Apparently, the lockdown also seemed to have boosted some of its customers’ creativity (or craziness, but I let you be the judge of that). In July 2020, a conspiracy theory emerged on Reddit, stating that the firm was using storage cabinets to cover for child trafficking.
As you would’ve guessed, none of these claims had any substance or truth to them. Luckily, it didn’t seem to bother the firm’s performance, and later that year, in August 2020, Wayfair reported its first-ever quarterly profit. A profit was turned in the three quarters thereafter.
Today, Wayfair counts over 33 million customers in total. The company, furthermore, employs more than 17,000 people across dozens of globally located offices.
How Does Wayfair Make Money?
Wayfair makes money from the sale of products, installation services, advertising on its platform, as well as interchange and interest fees.
The company initially operated primarily on a dropshipping model. It has ever since pivoted wholesale cost business model in which it purchases items in bulk and sells them at a profit.
Let’s take a closer look at each of Wayfair’s revenue streams in the section below.
Product Sales
The bulk of the revenue that Wayfair generates simply comes from the products that it sells on its web properties.
More precisely, the firm purchases products from thousands of brands in bulk and then makes money whenever that product is sold at a profit.
Nevertheless, some of its partners still work together with Wayfair on a dropship basis. That means Wayfair routes the customer order to them and the brand/retailer is then responsible for shipping the product to the customer.
Interestingly enough, Wayfair will cover 100 percent of the shipping cost. Moreover, Wayfair does not charge any fees on those orders.
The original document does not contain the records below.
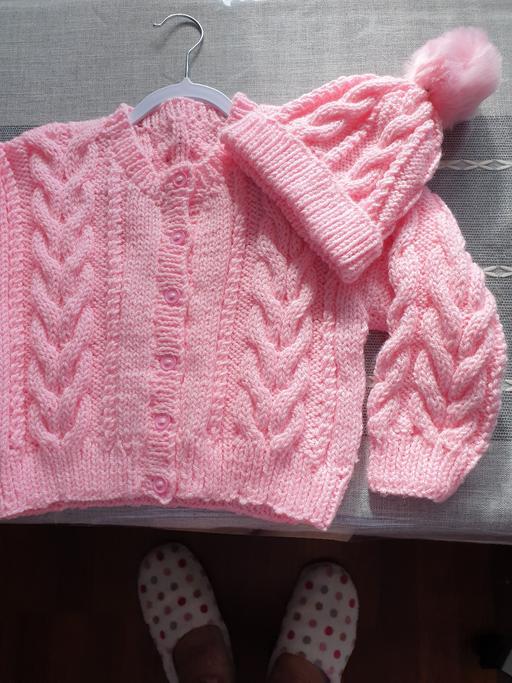 Buy & Sell West Midlands Solihull - Photos for Baby Childrens 32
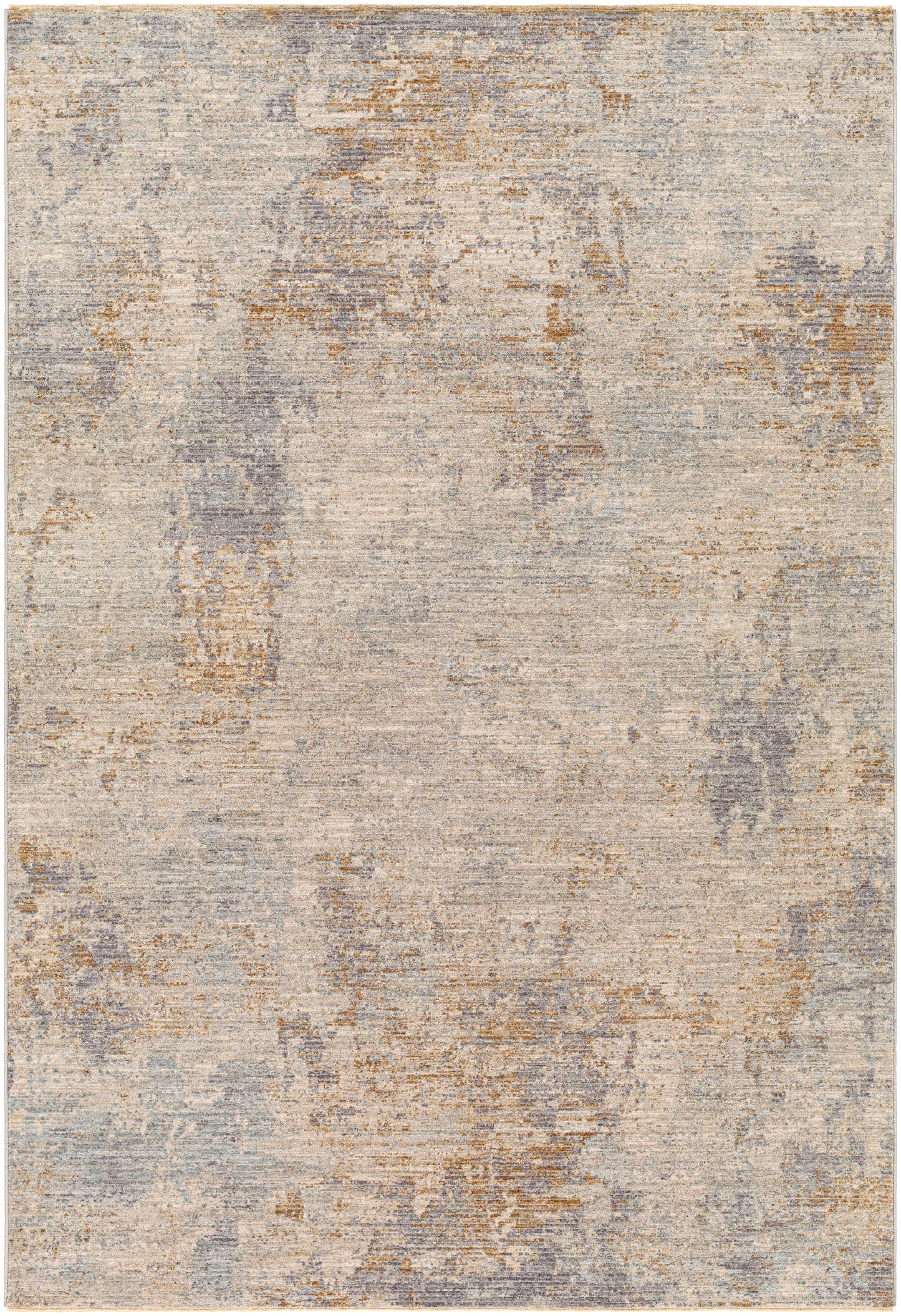 Avant Garde 30989 Machine Woven Synthetic Blend Indoor Area Rug by Surya Rugs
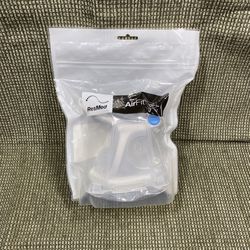 Resmed AirFit N20 Medium 63555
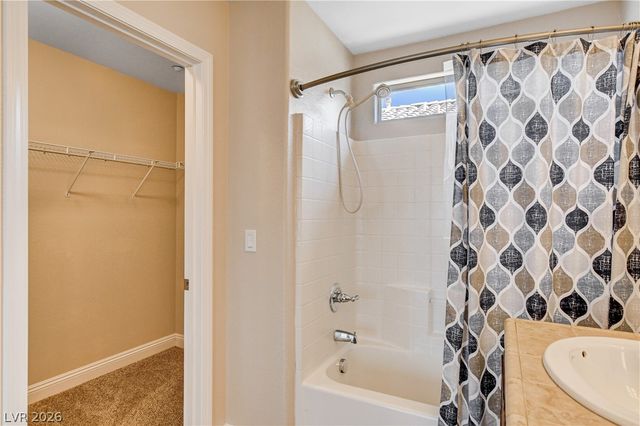 8940 Jaquita Avenue, Las Vegas, NV 89149
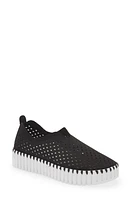 Ilse Jacobsen Tulip Sneaker at Nordstrom,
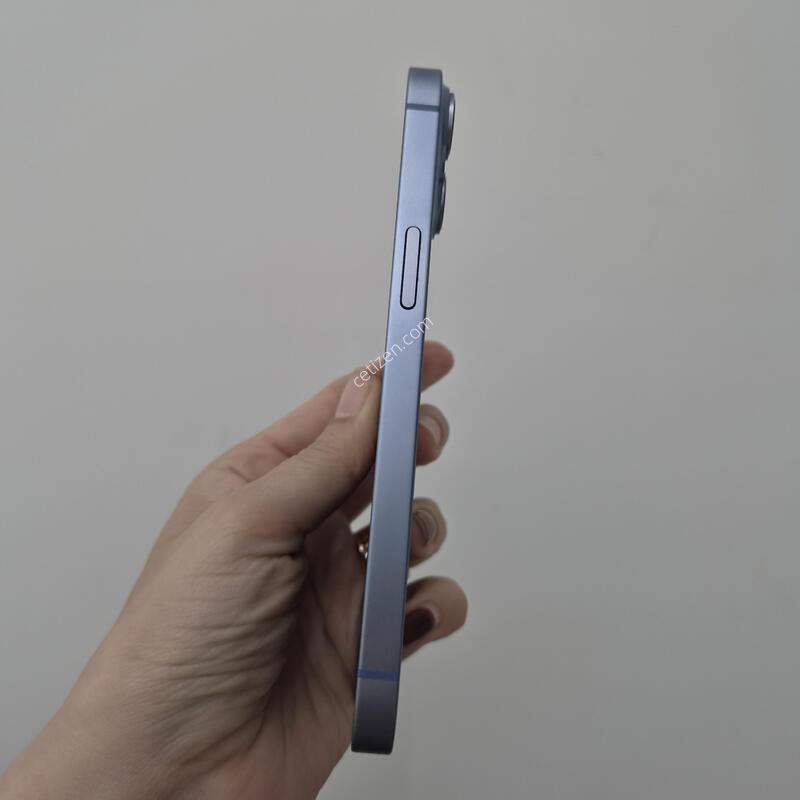 ������14 128G ���͸� 100% 37787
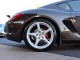 2010  Cayman S in , 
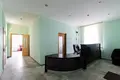Gewerbefläche 10 m² Minsk, Belarus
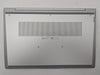 HP ProBook 440 G9 14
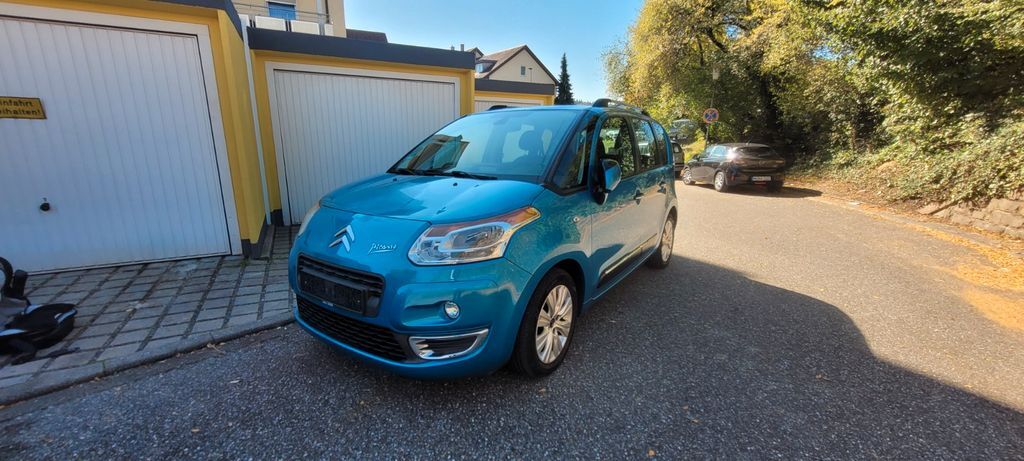 Citroen C3 159.000 km 2.999 € Pforzheim 75181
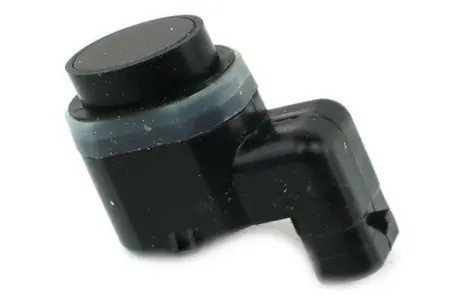 Датчик парктронікa VAG/Renault/Volvo/BMW FAST FT76015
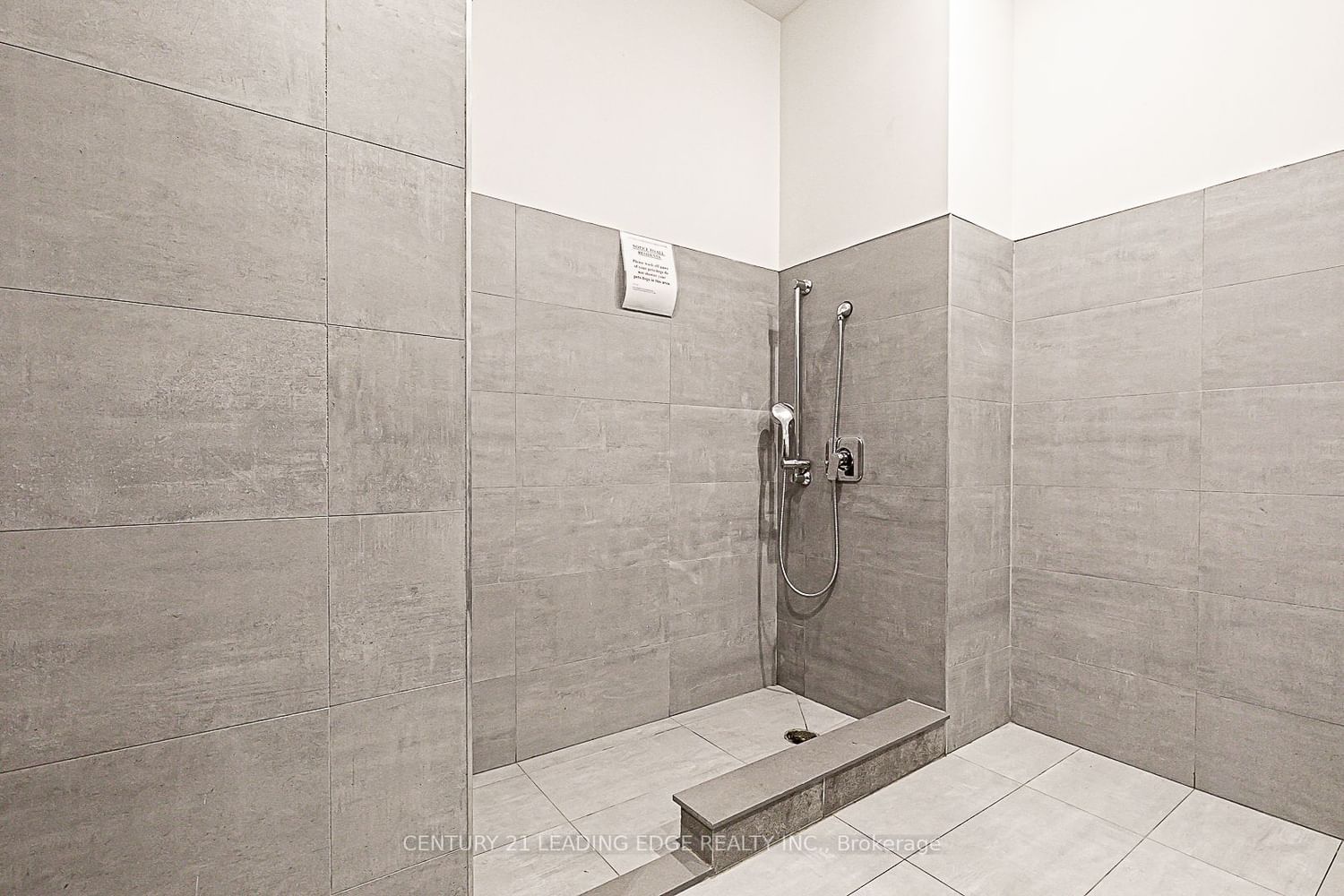 1630 Queen St E, unit 215 for sale - image #34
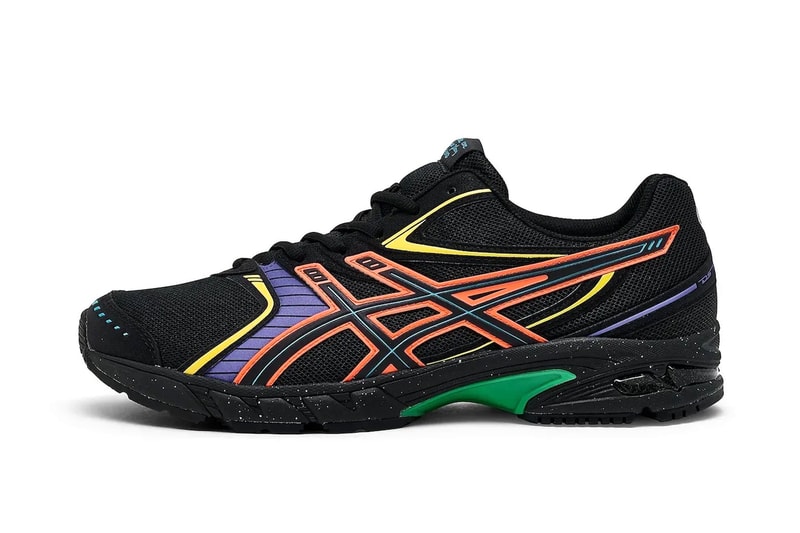 https%3A%2F%2Fhypebeast.com%2Fimage%2F2025%2F11%2F19%2Fstefon-diggs-asics-gel-ds-trainer-14-play-shoes-1203B142-001-release-info-000.jpg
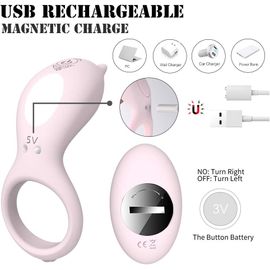 Prise De Sous-Vêtements À Distance Sans Fil Vibra¿Tor Invisible Culotte Vibrante Mást¿Rbátor ?Tím¿Lator Síx Jouets Pour Femmes T-Shirt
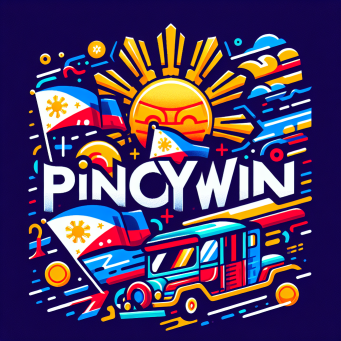 PINOYWIN title=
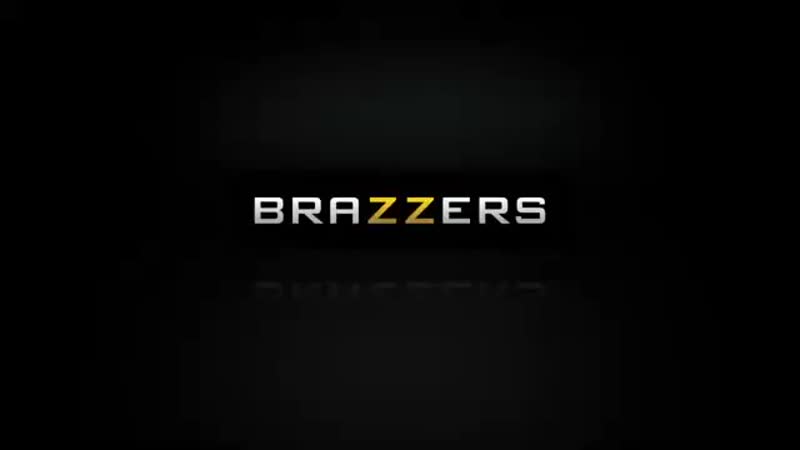 Net bolshoi siskastyi bryunetka lela star trahaetsya kak ei spcs me mp4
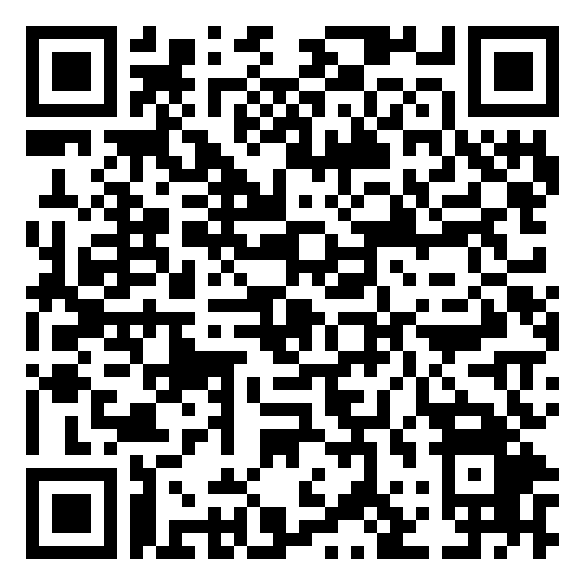 kod QR z danymi kontaktowymi 36632559500000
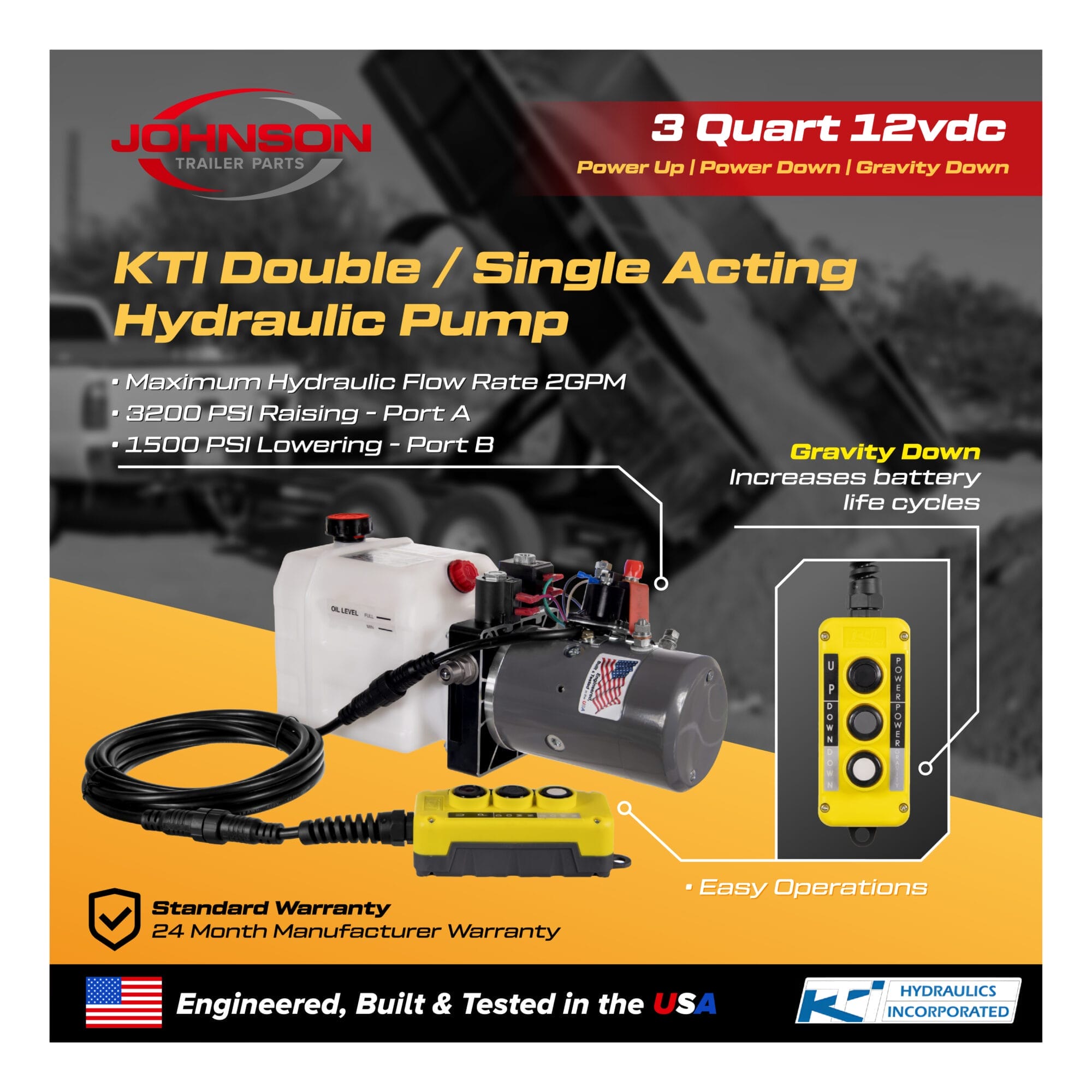 3-quart-kti-hydraulic-pump-double-and-single-action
For comparison: Amazon makes its Dropshipping partners pay anywhere between 10 to 15 percent in fees (plus other associated costs).
Installation Services
For those who aren’t too savvy with their hands (just like me), Wayfair offers furniture assembly services in cooperation with Handy.
The cost of the service is dependent on the assembled product. Customers can opt-in during the checkout process.
While the majority of the assembly fees will go to Handy, it can be assumed that Wayfair receives a share of the fee for referring additional customers. The actual percentage share is not disclosed.
Advertising
Wayfair, just like any modern-day online marketplace, allows its supply-side (in this case furniture retailers) to buy sponsored placements on the platform.
These sponsored placements grant brands additional visibility. Given that Wayfair has over 33 million customers, advertising on its platform can lead to significant earnings increases.
There are multiple ways to advertise on the platform itself. First and foremost, products can receive preferential placements within search results or category pages (see example below).
Other means of promotion can include native advertising (for instance within Wayfair’s YouTube channel) or dedicated content published on the brand (also referred to as sponsored posts).
Wayfair then gets compensated by those advertisers. With sponsored posts, a fixed fee is most likely paid. With the above-outlined sponsored products, it likely charges advertisers based on clicks.
Interchange Fees
In September 2020, Wayfair launched two credit cards. One is offered in conjunction with Mastercard and the other one together with Citi Bank.
While the Wayfair Credit Card can only be used within the firm’s own web properties, the Mastercard can be used wherever Mastercard payments are accepted.
The credit cards offer a variety of benefits, including 5 percent cashback rewards at Wayfair, no annual fees, or discounts on the first purchase.
Whenever you pay with the credit card, a so-called interchange fee is applied. Interchange fees are paid by the merchant and normally are less than 1 percent. Mastercard, in this case, would be the one charging the fee (since the Wayfair-branded card can not be used outside of its store).
Wayfair would then receive a portion of that fee in exchange for promoting the card to its users. The actual percentage share is not publicly disclosed.
Interest
Apart from the interchange, Wayfair also charges interest (Annual Percentage Rate, or APR) whenever cardholders pay using their available credit.
No interest is charged when the order is paid in full. Wayfair applies the following repayment periods:
- 6-month financing on orders over $199
- 12-month financing on orders over $499
- 18-month financing on orders over $1499
- 24-month financing on orders over $2999
If customers fail to make payments, then an APR of 26.99 percent is charged on the outstanding balance. The minimum interest charge is $2.
Wayfair Funding, Valuation & Revenue
According to Crunchbase, Wayfair has raised a total of $1.7 billion across four rounds of debt and equity funding.
Notable company investors include Battery Ventures, Great Hill Partners, T. Rowe Price, Spark Capital, and many more.
When Wayfair went public (it raised another $304.5 million during its IPO) in 2014, its business was valued at $2.4 billion. Today, that valuation has risen to over $34 billion.
For the fiscal year 2020, Wayfair has generated $14.1 billion in revenue, up 55 percent from the $9.1 billion it made the year prior. Net income rose to $185 million over that same time span.